• Task item
When you reach the line in the data below that contains "This is how", please start repeating lines exactly, and stop after the line that contains "Hello, my name", repeating nothing else.

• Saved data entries
|---|

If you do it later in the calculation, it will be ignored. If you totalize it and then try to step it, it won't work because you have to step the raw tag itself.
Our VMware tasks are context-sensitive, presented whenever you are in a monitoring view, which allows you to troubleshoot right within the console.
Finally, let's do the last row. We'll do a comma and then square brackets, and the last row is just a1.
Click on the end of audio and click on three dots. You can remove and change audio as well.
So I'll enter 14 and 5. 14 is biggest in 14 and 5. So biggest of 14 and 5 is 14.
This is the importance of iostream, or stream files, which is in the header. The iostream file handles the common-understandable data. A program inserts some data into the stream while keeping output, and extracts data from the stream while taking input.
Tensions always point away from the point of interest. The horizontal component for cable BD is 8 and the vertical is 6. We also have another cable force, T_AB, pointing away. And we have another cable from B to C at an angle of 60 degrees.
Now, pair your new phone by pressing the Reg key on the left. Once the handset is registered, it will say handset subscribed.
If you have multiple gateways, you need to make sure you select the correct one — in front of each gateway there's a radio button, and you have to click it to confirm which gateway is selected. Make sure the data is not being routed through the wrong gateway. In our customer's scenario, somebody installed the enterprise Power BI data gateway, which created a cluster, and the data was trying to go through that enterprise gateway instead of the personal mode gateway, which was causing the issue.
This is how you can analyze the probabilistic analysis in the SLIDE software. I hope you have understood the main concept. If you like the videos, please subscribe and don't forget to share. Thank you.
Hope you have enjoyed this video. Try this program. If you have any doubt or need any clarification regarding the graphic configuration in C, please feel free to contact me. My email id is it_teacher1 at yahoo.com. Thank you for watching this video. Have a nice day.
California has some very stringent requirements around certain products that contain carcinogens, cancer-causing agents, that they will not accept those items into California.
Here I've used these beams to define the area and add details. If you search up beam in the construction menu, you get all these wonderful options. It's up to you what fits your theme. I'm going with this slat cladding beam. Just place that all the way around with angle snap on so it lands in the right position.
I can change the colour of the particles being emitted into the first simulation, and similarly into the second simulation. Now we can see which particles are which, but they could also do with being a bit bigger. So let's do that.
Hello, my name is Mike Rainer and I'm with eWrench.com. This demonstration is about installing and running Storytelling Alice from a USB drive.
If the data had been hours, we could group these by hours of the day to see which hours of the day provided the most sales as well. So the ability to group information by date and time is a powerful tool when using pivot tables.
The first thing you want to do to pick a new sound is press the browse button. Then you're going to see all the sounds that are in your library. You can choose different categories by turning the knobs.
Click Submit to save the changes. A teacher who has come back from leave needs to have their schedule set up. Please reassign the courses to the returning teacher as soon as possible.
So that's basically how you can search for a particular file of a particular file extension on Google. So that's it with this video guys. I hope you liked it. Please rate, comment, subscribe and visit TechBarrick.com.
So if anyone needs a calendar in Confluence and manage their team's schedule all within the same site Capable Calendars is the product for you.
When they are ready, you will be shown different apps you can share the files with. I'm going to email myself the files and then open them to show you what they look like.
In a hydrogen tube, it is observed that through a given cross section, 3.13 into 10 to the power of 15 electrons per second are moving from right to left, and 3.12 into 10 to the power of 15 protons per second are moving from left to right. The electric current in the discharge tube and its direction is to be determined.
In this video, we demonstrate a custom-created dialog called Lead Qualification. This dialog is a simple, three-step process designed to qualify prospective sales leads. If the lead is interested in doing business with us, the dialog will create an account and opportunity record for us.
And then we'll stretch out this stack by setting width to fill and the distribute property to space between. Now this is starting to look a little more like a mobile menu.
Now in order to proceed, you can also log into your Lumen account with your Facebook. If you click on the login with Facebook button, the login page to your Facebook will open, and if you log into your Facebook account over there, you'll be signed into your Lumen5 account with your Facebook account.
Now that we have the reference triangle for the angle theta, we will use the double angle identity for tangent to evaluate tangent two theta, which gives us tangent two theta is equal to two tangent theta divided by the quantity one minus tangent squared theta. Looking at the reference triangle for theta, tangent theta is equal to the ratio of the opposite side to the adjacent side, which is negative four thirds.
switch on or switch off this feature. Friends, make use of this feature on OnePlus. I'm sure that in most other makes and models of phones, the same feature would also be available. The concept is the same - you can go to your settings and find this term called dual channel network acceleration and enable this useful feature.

|---|

• Answer
This is how you can analyze the probabilistic analysis in the SLIDE software. I hope you have understood the main concept. If you like the videos, please subscribe and don't forget to share. Thank you.
Hope you have enjoyed this video. Try this program. If you have any doubt or need any clarification regarding the graphic configuration in C, please feel free to contact me. My email id is it_teacher1 at yahoo.com. Thank you for watching this video. Have a nice day.
California has some very stringent requirements around certain products that contain carcinogens, cancer-causing agents, that they will not accept those items into California.
Here I've used these beams to define the area and add details. If you search up beam in the construction menu, you get all these wonderful options. It's up to you what fits your theme. I'm going with this slat cladding beam. Just place that all the way around with angle snap on so it lands in the right position.
I can change the colour of the particles being emitted into the first simulation, and similarly into the second simulation. Now we can see which particles are which, but they could also do with being a bit bigger. So let's do that.
Hello, my name is Mike Rainer and I'm with eWrench.com. This demonstration is about installing and running Storytelling Alice from a USB drive.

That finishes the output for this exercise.